Warga Bogor Jangan Khawatir, Stok Beras Aman Hingga Lebaran 2024

Pemerintah Kota Bogor memastikan stok beras aman hingga Idul Fitri 2024.

Rasyid Ali
Oleh Rasyid Ali - Reporter
Warga Bogor Jangan Khawatir, Stok Beras Aman Hingga Lebaran 2024
Warga Bogor Jangan Khawatir, Stok Beras Aman Hingga Lebaran 2024 (Merdeka.com)

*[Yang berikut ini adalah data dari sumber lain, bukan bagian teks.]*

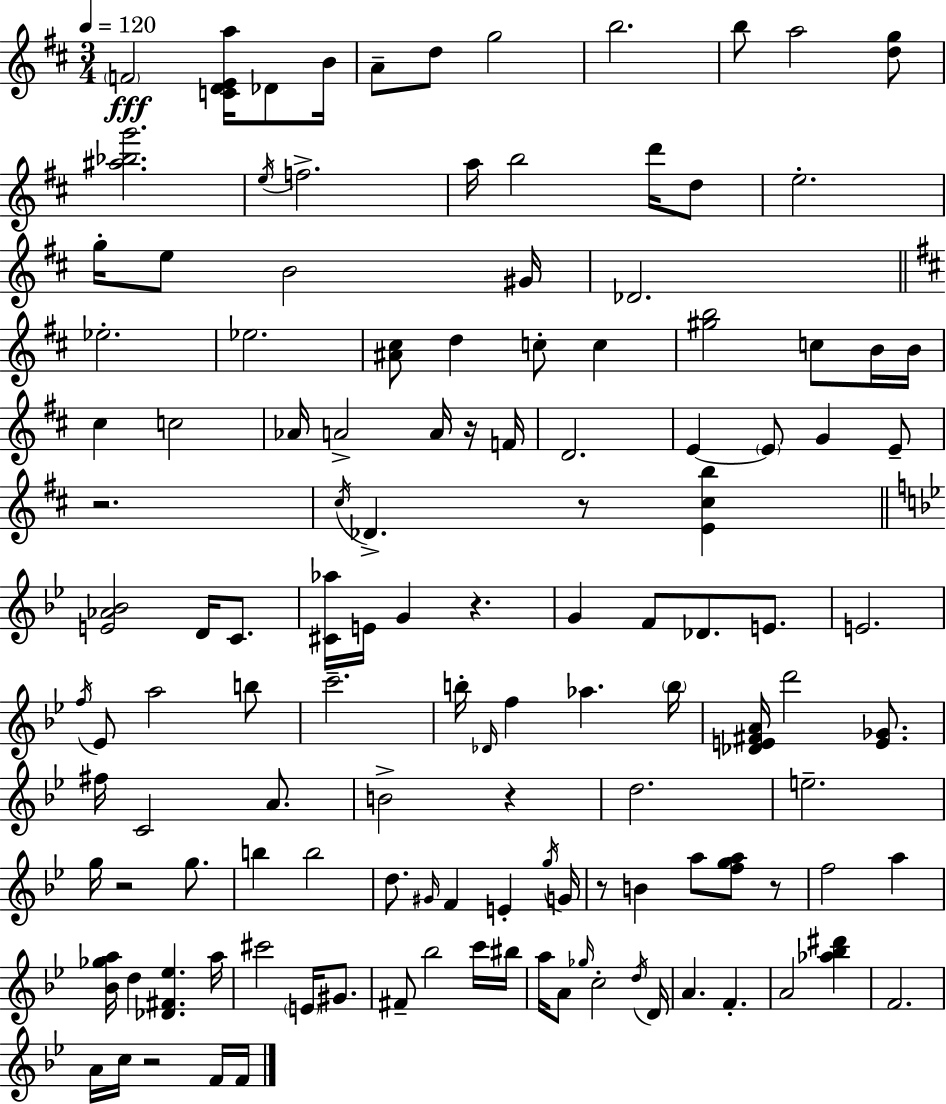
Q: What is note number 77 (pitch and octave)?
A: G5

Masyarakat pun diimbau tidak perlu khawatir, akan adanya kelangkaan beras maupun harga yang melambung.

Dok. Istimewa
Dok. Istimewa

Pemerintah Kota Bogor memastikan stok beras aman hingga Idul Fitri 2024. Masyarakat pun diimbau tidak perlu khawatir, akan adanya kelangkaan beras maupun harga yang melambung

Wakil Wali Kota Bogor Dedie A Rachim menjelaskan, memasuki Ramadan 2024, ada 850 ton stok beras yang disiapkan Bulog. Beras tersebut akan didistribusikan kepada 85.000 keluarga penerima manfaat di Kota Bogor.

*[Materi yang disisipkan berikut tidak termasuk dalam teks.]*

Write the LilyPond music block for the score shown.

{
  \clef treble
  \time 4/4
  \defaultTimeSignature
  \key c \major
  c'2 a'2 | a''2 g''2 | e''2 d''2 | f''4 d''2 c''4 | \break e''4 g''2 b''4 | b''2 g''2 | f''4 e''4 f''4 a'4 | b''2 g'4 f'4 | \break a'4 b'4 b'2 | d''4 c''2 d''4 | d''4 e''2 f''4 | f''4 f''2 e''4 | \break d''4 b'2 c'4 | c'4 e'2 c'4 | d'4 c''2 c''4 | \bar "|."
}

"Artinya ini paling tidak sampai bulan Juni 2024 masyarakat atau keluarga penerima manfaat akan mendapatkan penyaluran beras 10 kilogram per satu bulan. Insya Allah aman. Di luar itu, juga ada beras SPHP yang berjumlah 1.200 ton per bulan yang disalurkan ke pasar tradisional dan ritel," jelas Dedie.

Untuk itu, sambung Dedie, masyarakat tidak perlu khawatir. Apalagi, Bulog juga sedang menerima distribusi impor beras dari Vietnam, Thailand, hingga Pakistan. Sehingga kombinasi antara produk dari lokal termasuk juga cadangan dari impor tidak perlu dikhawatirkan.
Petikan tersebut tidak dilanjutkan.